The best way is to “come and see”, as it says in the Gospels. Experience the worship for yourself.

A much lesser way is to read the liturgical and prayer texts for yourself.

Here is the Melkite translation of the Divine Liturgy of St. John Chrysostom, which will have a few verbal and rubrical differences (minor and probably unnoticeable by the average person in the pew).

melkite.org/Dliturgy.htm

Of course, the chant and music will be different.
 
I found out that one of my friends was byzantine Catholic, and it lead me to wonder

what are the differences between the latin rite( NO, in my case) and the byzantines\

any thoughts or links are greatly appreciated
In my sig is the link to the Ruthenian Pewbook. (It is notated for most of the liturgy.)

While the basic structure of the liturgy (Entrance, Instruction, Eucharist, Dismissal) is the same, the details are quite different.

Amongst other things, there are 14 Catholic Churches Sui Iuris in the byzantine rite; only one Church Sui Iuris in the Roman. While the roman church is large, and has a lot of variation in the details, the Byzantines have little variation, and what variation there is is primarily from church sui iuris to church sui iuris.
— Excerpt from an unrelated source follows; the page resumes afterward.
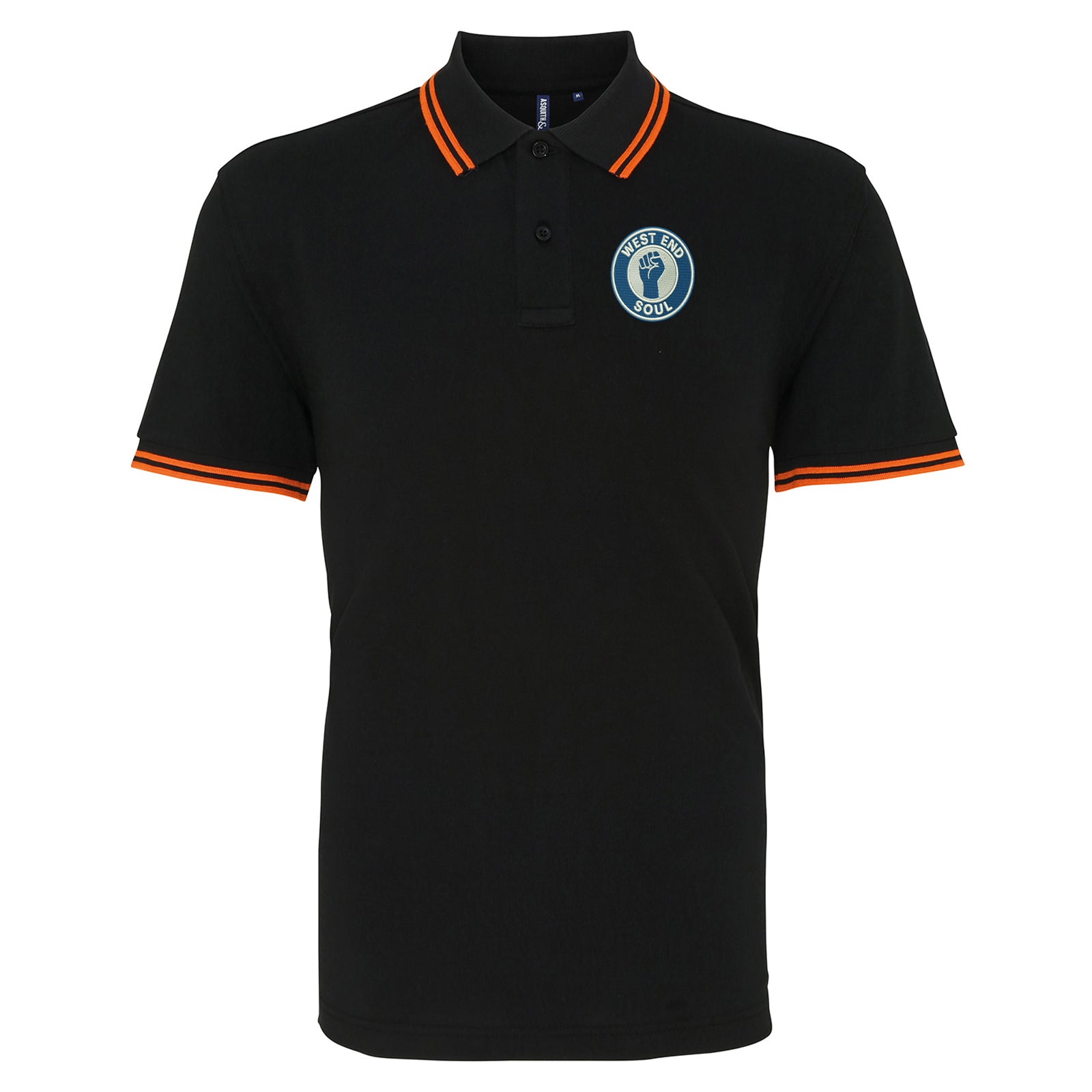 Chelsea West End Embroidered Polo Shirt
Plus the use of the Iconostas (Icon Screen)… there are a lot of good threads covering the differences in this subforum.
 
Easy, Latins say they believe one thing, and the way they pray says another.
The East, with the Fullness of the Faith and Tradition, has a full unity of belief and prayer, with richness of doctrine, historical continuity, all-encompassing beauty, intellectual rigor, high mysticism, and an organoleptic and holistic approach to the human person, all completely missing from the West. There is no comparison, once you have been to the East, the West becomes contemptible.
 
Easy, Latins say they believe one thing, and the way they pray says another.
The East, with the Fullness of the Faith and Tradition, has a full unity of belief and prayer, with richness of doctrine, historical continuity, all-encompassing beauty, intellectual rigor, high mysticism, and an organoleptic and holistic approach to the human person, all completely missing from the West. There is no comparison, once you have been to the East, the West becomes contemptible.
I disagree. I may have gone to the East but there are some beautiful aspects of the West. I’d hardly say the majority of Eastern Christians hold them in contempt.
 
The Byzantine Rite is more beautiful and reverent than the NO Latin Rite, but that’s just my opinion. Basically, every external thing is different. But they are in essence the same Catholic Faith and Truth.
 
The Byzantine Rite is more beautiful and reverent than the NO Latin Rite, but that’s just my opinion. Basically, every external thing is different. But they are in essence the same Catholic Faith and Truth.
But if one man takes the time on the externals, lets say about loving his wife, and another man does not, which man points more fully towards love. And if the other man neglects to express his love, is it not fit to question whether he loves her, or whether he perhaps loves to lesser degree than the first man.

He was the same Jesus in Mary’s arms, he was the same Jesus rejected by the crowds, he was the same Jesus many heard but walked away from, he was the same Jesus mocked and derided as he died: If the grant that it is the same Jesus in both liturgies, which grants him greater glory? Which communicates the mystigogical realities more effectively? Which has more intellectual, theological, and historical content for those so minded? I’m afraid I can only come to the conclusion from Western praxis that they do not really believe as a Rite what they say the believe. The structure is too incoherent, the recent changes too great, the epistimolgical ordering of truths implicit in the praxis too inverted, the historical continuity too lacking. We can say that the same sacramental reality exists between the two rites, but to say it is the same faith seems too much of a stretch to me. The statement is too undefined.